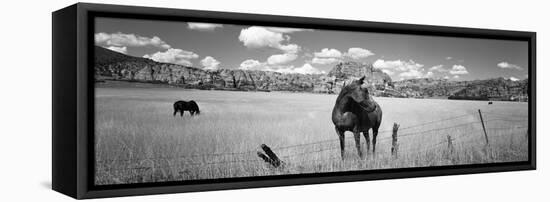 Horses Grazing in a Meadow, Kolob Reservoir, Utah, USA-null-Framed Stretched Canvas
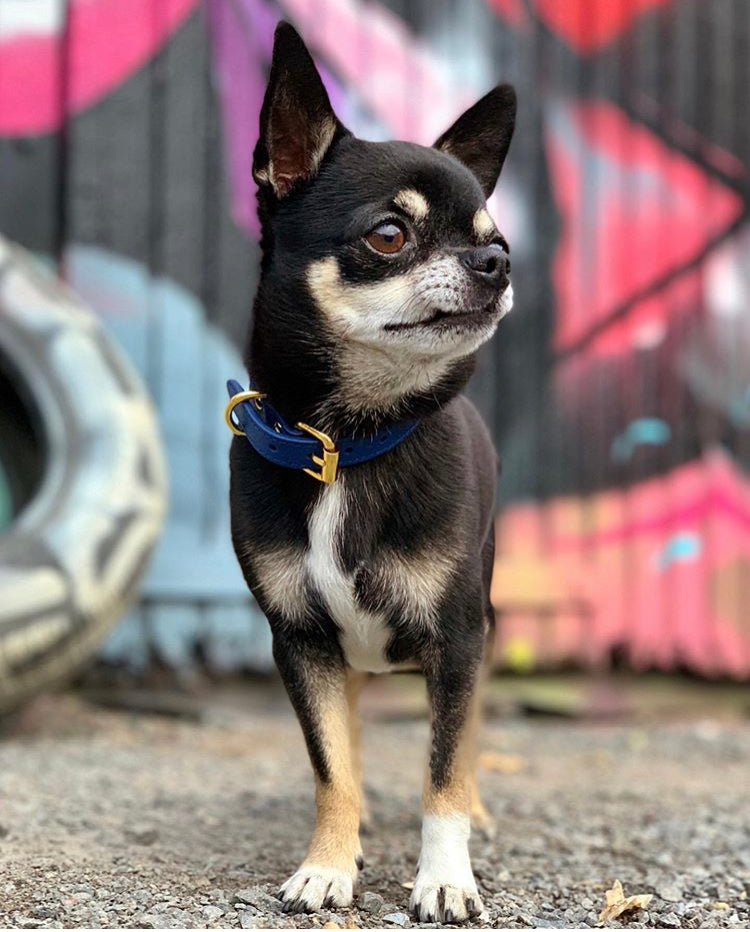 Dark Blue Dog Collar Thin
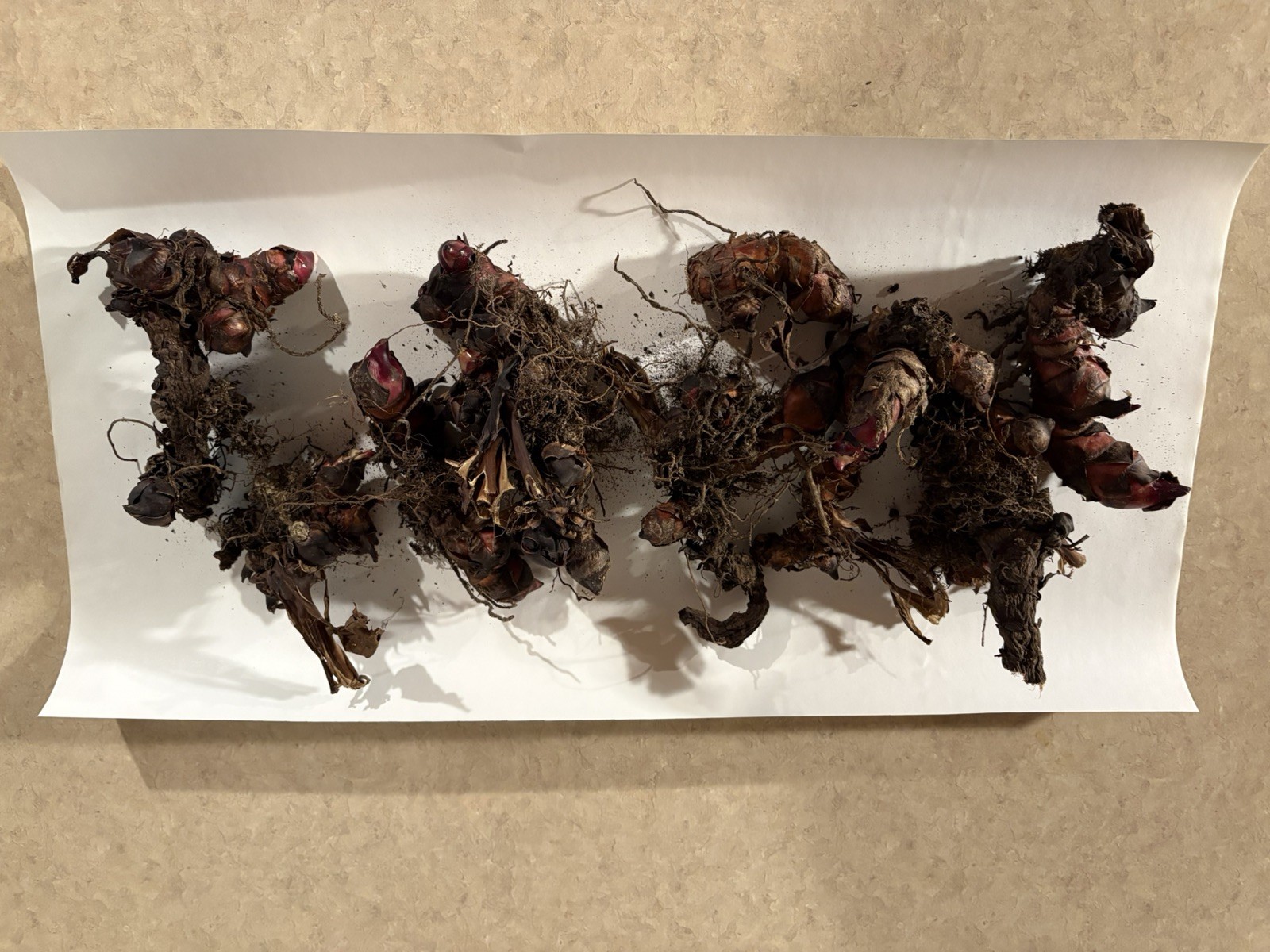 3 MEDIUM size Elephant Ear Bulbs….SPRING SALE!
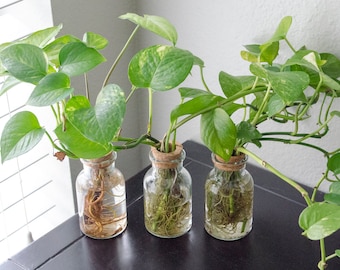 Propagation Station Jar Flower Vase
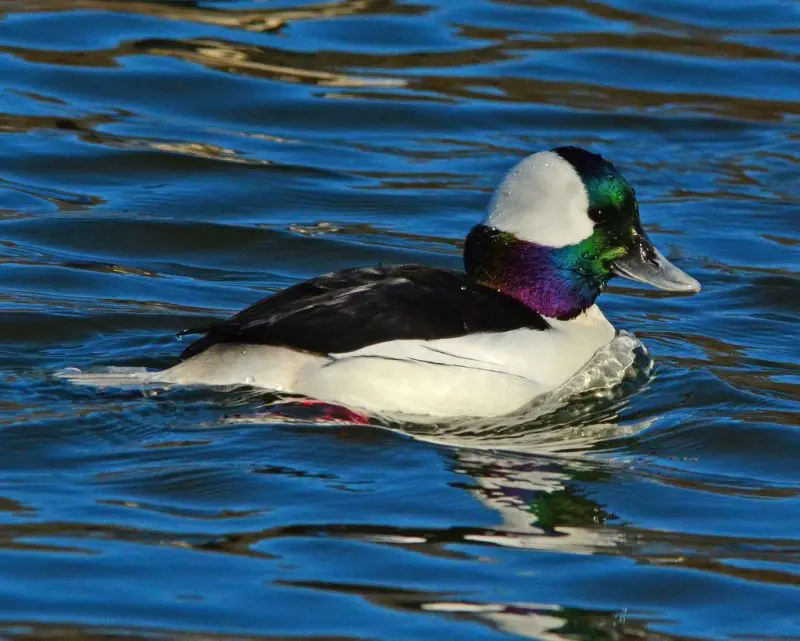 15 of the Longest Living Birds on Earth
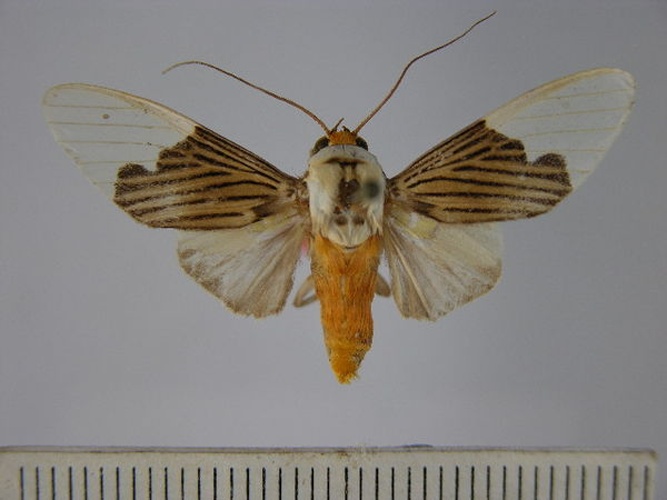 Ischnognatha semiopalina &copy; Unspecified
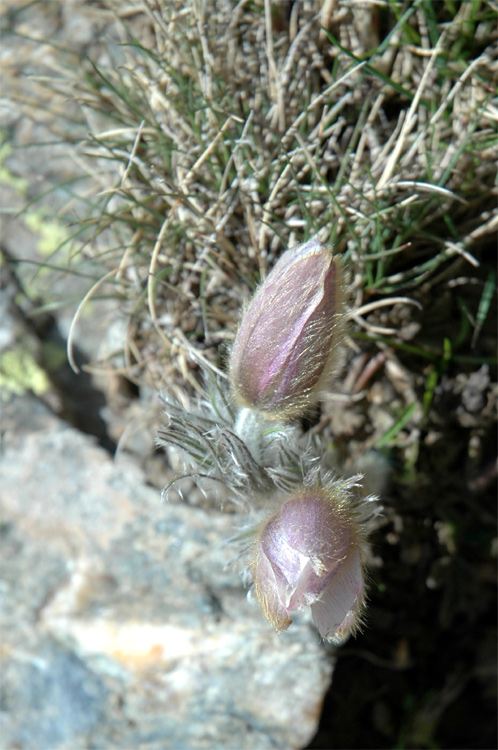 Pic-du-Canigou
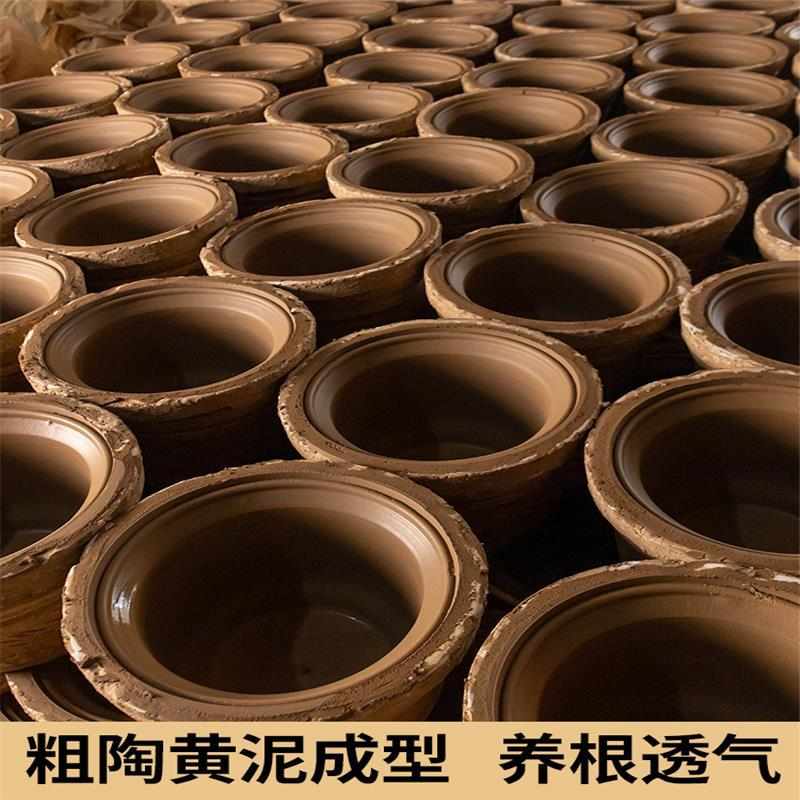 家用紫砂陶瓷花盆陶瓷盆特大号陶土栽花花盆粗陶落地盆景兰花盆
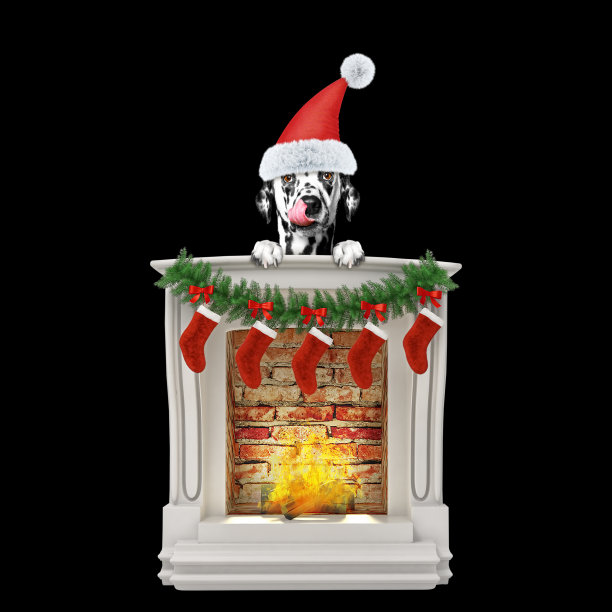 快乐的达尔马提亚狗靠近壁炉。孤立在黑色图片下载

Task instructions >> Would you please output only the lines from the start of the material above up to and including the line with "Pic-du-Canigou", exactly as they appear and without pictures?

Exercise result >>
 Horses Grazing in a Meadow, Kolob Reservoir, Utah, USA-null-Framed Stretched Canvas
 Dark Blue Dog Collar Thin
 3 MEDIUM size Elephant Ear Bulbs….SPRING SALE!
 Propagation Station Jar Flower Vase
 15 of the Longest Living Birds on Earth
 Ischnognatha semiopalina &copy; Unspecified
 Pic-du-Canigou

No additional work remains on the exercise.